Recently, I had to do some profiling of local unit trusts to identify whether there are some funds with good long term performances.

If we are able to spot them, we can then do a deeper dive to understand their investment philosophy better.

Sadly the exercise left me disappointed personally. I thought there would be some gems but unfortunately, there were only a handful of funds that were able to do well in the category we evaluate them in.

Ben Johnson from Morningstar recently updated us on the results from their annual Morningstar Active/Passive Barometer report that active funds notice the same thing.

This isn’t new.

I am quite sure that there are rare funds that will outperform the index over the 20-year period but the tough thing is to be able to identify them before that 20-year period. If your friend refers a great fund that did well over the very long run, it is very likely that the fund is being measured against the wrong barometer.

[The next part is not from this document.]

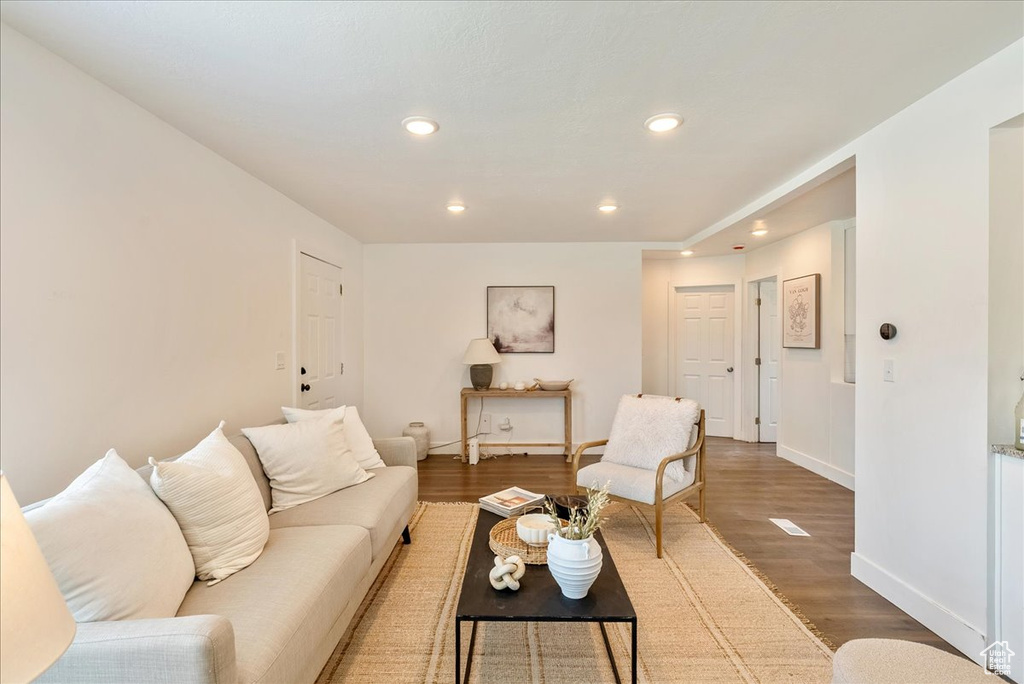 Living room featuring baseboards, wood finished floors, and recessed lighting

There are some folks out there who, in an effort to show that they are great investment fund pickers, compare their selection against an absolutely different fund category. That is probably the wrong way the evaluate active fund performance.

In today’s article, I will list out some of the bigger takeaways from the 2021 Morningstar Active/Passive Barometer report.

What is the Morningstar Active/Passive Barometer?

The Morningstar Active/Passive Barometer is a report that measures the performance of U.S. active managers against their passive peers within their respective categories.

It measures the active managers’ success relative to the actual, net-of-fee performance of passive funds (rather than the index).

What the report serves to answer:

If an investor were to select an actively managed fund at random from a category, what are the odds that the fund will survive and outperform its passive peers in any given time period?

Success is Relative to Comparable Passive Alternatives

Too often, people make comparisons using the oddest metrics.

Morningstar measures the active managers’ success against investable passive alternatives in the same category.

This means that if you manage an active fund that is in the U.S Mid-Cap Blend space, they will compare your fund to a mid-cap blend passive ETF.

In this way, we are able to see if you, as the active manager added alpha compared to something similar.

This is much better than comparing everything against the SPY or the SPDR S&P 500 ETF Trust.

Why Compare Against Passive Index Funds Rather Than Compare Against Index?

Morningstar believes that measuring against index funds is better because you cannot invest in the actual index.

The index also does not account for the real cost but passive index funds do.

There are known costs for packaging and distributing indexes in investable format and if you compare against the index, these are not accounted for.

In this way, Morningstar accounts for the frictions but also mitigate the effects that might stem from cherry-picking a single index as a performance benchmark.

How Many Funds Are Measured?

The data source is from Morningstar’s US open-ed and exchange-traded funds database.

To be included the mutual fund or ETF needs to have asset data for at least one share class in the month prior to the start of the sample period (beginning of trailing 1, 3, 5, 10, 15, 20 year period) to facilitate calculation.

There are about 4,000 funds in the database that fit the criteria, which in total account for about $18.7 trillion in investor assets or about 67% of the US fund market. This sounds like the majority of the funds out there are still actively managed.

How Success Rate In this Report is Calculated

Success rate indicates the percentage of funds that start that went on to survive and generate a return in excess of the equal-weighted average passive fund over the period.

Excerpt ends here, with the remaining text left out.